We see another classic sign of spiritual renewal in this event.  People responded to this Spirit-empowered demonstration of Jesus’ reality in one of two ways—many were moved to learn more (2:12) and then get converted (2:41), but some were resistant and mocked the Christians (2:13).  During spiritual renewal, people are polarized in their response to Christians’ witness.  Paul describes the response to his own ministry in the same way (2Cor.2:15,16).  This is a pattern throughout Acts—usually religious and/or community leaders who are jealous and/or threatened and slander the Christian movement.

During renewal, many people are struck by the presence of God through Christians and the boldness (not the pushiness or nastiness) of their witness—and desire to learn more.  And many of those, when they understand the message of the gospel, repent and entrust themselves to Jesus.  During times of renewal, there are many inquirers at meetings like this, interest to learn more is high, and real decisions for Jesus are a stream—not a trickle (MILLIONS IN 1967-75; EARLY XENOS GROWTH). 

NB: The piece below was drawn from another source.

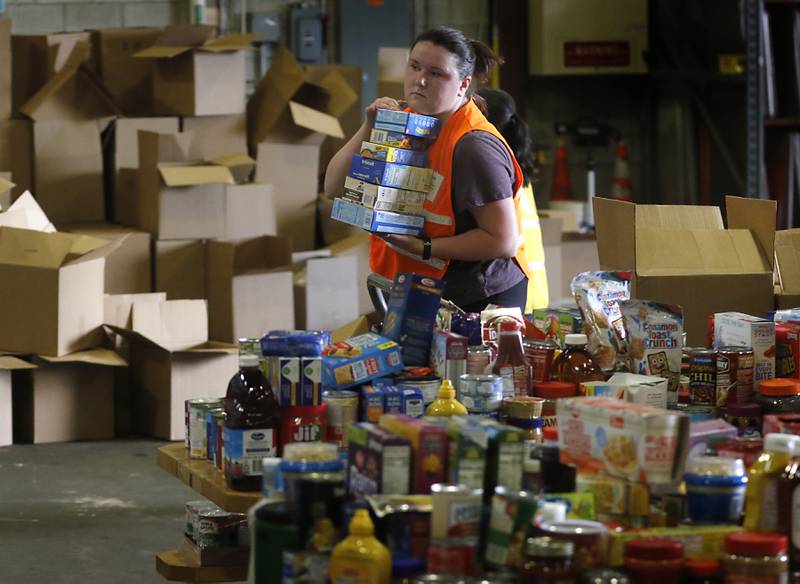 Marissa Rybinski, of McHenry County Department of Health, sorts items during the Operation Dropbox Exercise on Tuesday , June 11, 2024, at the McHenry County Division of Transportation near Woodstock. The training exercise simulates the process of unloading and distributing medical counter-measures during emergencies along with helping to sort and distribute the donated items to veterans and their families in the county.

But even when God is manifesting himself in such a powerful way, there are still those who close their hearts to this and mock Jesus’ followers.  God shows people their spiritual need and presses in on them about Jesus—and people (including friends and family members) divide over him.  (Of course, some of those who initially respond negatively later get converted—like Paul!)  What becomes rare during renewal is indifference.  Let’s pray that God will empower us to see this kind of polarized response!

How does hearing about this affect you?  Do you relate to it in your current spiritual experience?  Praise God, and pray that he will enable you to be a catalyst for others.  Does it remind you of when you/we were in a state of spiritual renewal, and does it make you want to return to this state?  Good!  Let’s pray for it—for our own renewal, and that God will empower us to speak of it to others!  Is it totally foreign to you?  Then you may not know Christ, even if you have been a church-goer (including at Xenos) for your whole life.  Tell Jesus that you don’t have this spiritual reality, and ask him to forgive you and give you his Holy Spirit!

1 From Tim Keller, Prayer, p.23.  “Jeremiah Calvin Lanphier was a layman in the North Dutch Reformed Church on Fulton Street in New York. He decided to hold a prayer meeting at noon on Wednesdays for businessmen who worked in the immediate neighborhood.  The first meeting was held on September 23, 1857. The first person to join Lanphier was half an hour late; several others came even later. But the meeting quickly grew, and one month later they decided to meet daily. Within months, newspapers estimated that 10,000 were gathering every noon to pray. By May 1858, about 50,000 new people had joined the churches, out of a city population of roughly 800,000. It started with one man, and then a small group, who wanted to pray.”